Handling nulls and infinities
PyKX and its management of nulls and infinities inherited from q operate differently in subtle ways from familiar libraries such as Numpy.
PyKX provides typed null and infinity values for most types. As shown in the q docs, nulls can be expressed as 0N
followed by a type character (or no type character for long integer null), while infinities can be expressed as 0W
followed by a type character (or no type character for a long integer infinity).
Datatypes in q designate a particular value in their numeric range as null, and another two as positive and negative infinity. Most other languages, such as Python, have no way to represent infinity for anything other than IEEE floating point numbers, and where typed nulls exist, they will not also be a value in the range of the datatype (save for floats, which can be NaN
).
For example, the q null short integer 0Nh
is stored as the value -32768
(i.e. the smallest possible signed 16 bit integer), and the q infinite short integer is stored as the value 32767
(i.e the largest possible signed 16 bit integer).

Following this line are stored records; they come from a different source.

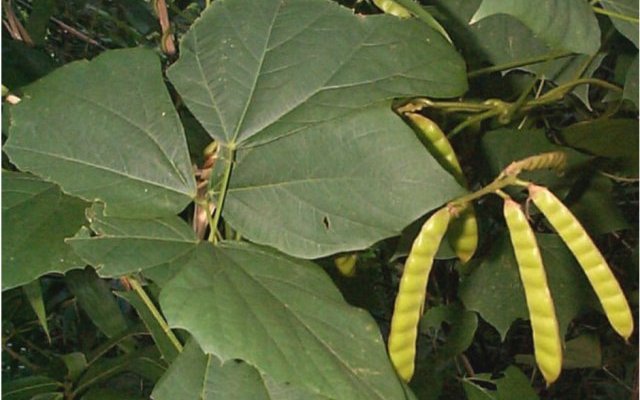 Pachyrhizus erosus : une liane tubéreuse prometteuse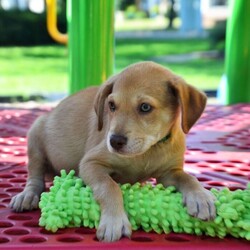 Adopt a dog:Warren/Labrador Retriever/Male/Baby,Introducing the 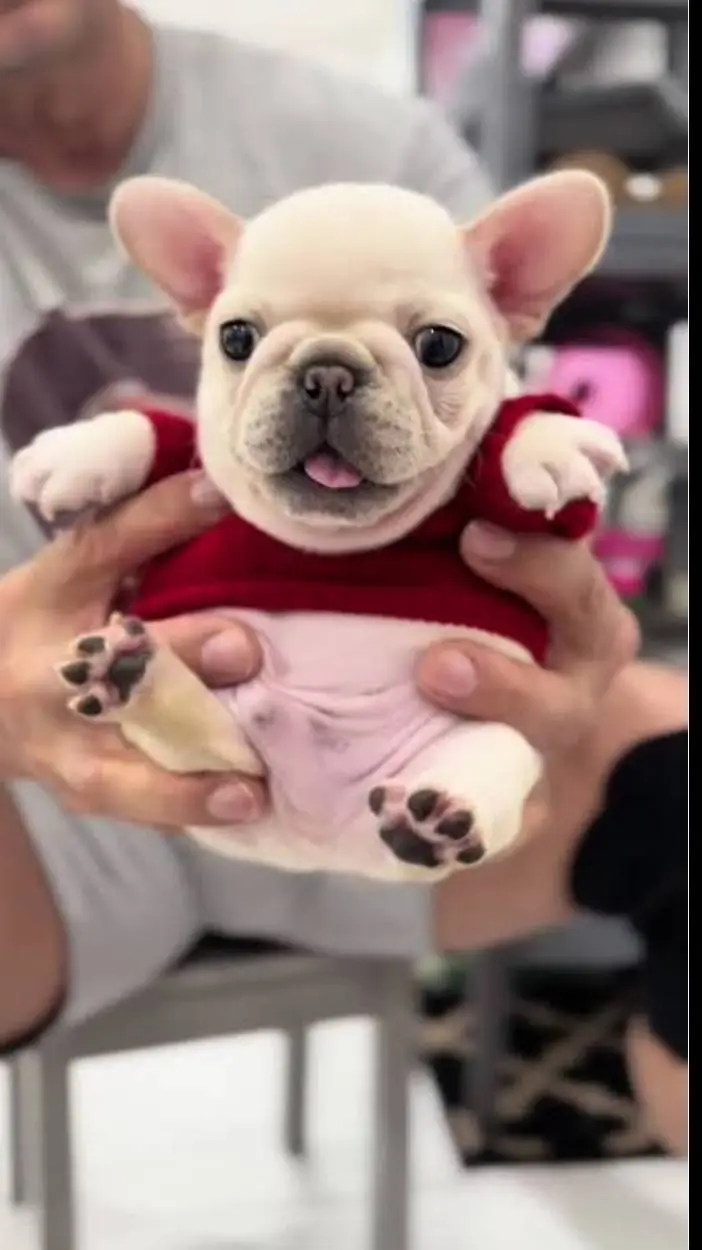 ai character: Pibble background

Due to the design of nulls and infinites in q, there are some technical considerations - detailed on this page - regarding converting nulls and infinities between Python and q in either direction.
Generation of null and infinite values
To facilitate the generation of null and infinite values there are a number of properties for pykx.Atom
objects which allow this to be completed Pythonically. In all cases this requires access to licensed mode. The following examples show the generation of various null and infinite values.
Null generation
Where possible null values can be returned to you as follows:
>>> import pykx as kx
>>> kx.LongAtom.null
pykx.LongAtom(pykx.q('0N'))
>>> kx.TimespanAtom.null
pykx.TimespanAtom(pykx.q('0Nn'))
>>> kx.GUIDAtom.null
pykx.GUIDAtom(pykx.q('00000000-0000-0000-0000-000000000000'))
>>> kx.SymbolAtom.null
pykx.SymbolAtom(pykx.q('`'))
Unsupported values will return a NotImplemetedError
as follows:
>>> import pykx as kx
>>> kx.ByteAtom.null
Traceback (most recent call last):
File "<stdin>", line 1, in <module>
File "/usr/local/anaconda3/lib/python3.8/site-packages/pykx/wrappers.py", line 250, in null
raise NotImplementedError('Retrieval of null values not supported for this type')
NotImplementedError: Retrieval of null values not supported for this type
Infinite generation
Where possible positive and negative infinite values can be returned to you as follows:
>>> import pykx as kx
>>> kx.TimeAtom.inf
pykx.TimeAtom(pykx.q('0Wt'))
>>> -kx.TimeAtom.inf
pykx.TimeAtom(pykx.q('-0Wt'))
>>> kx.IntAtom.inf
pykx.IntAtom(pykx.q('0Wi'))
>>> -kx.IntAtom.inf
pykx.IntAtom(pykx.q('-0Wi'))
Unsupported values will return a NotImplementedError
as follows:
>>> kx.SymbolAtom.inf
Traceback (most recent call last):
File "<stdin>", line 1, in <module>
File "/usr/local/anaconda3/lib/python3.8/site-packages/pykx/wrappers.py", line 274, in inf
raise NotImplementedError('Retrieval of infinite values not supported for this type')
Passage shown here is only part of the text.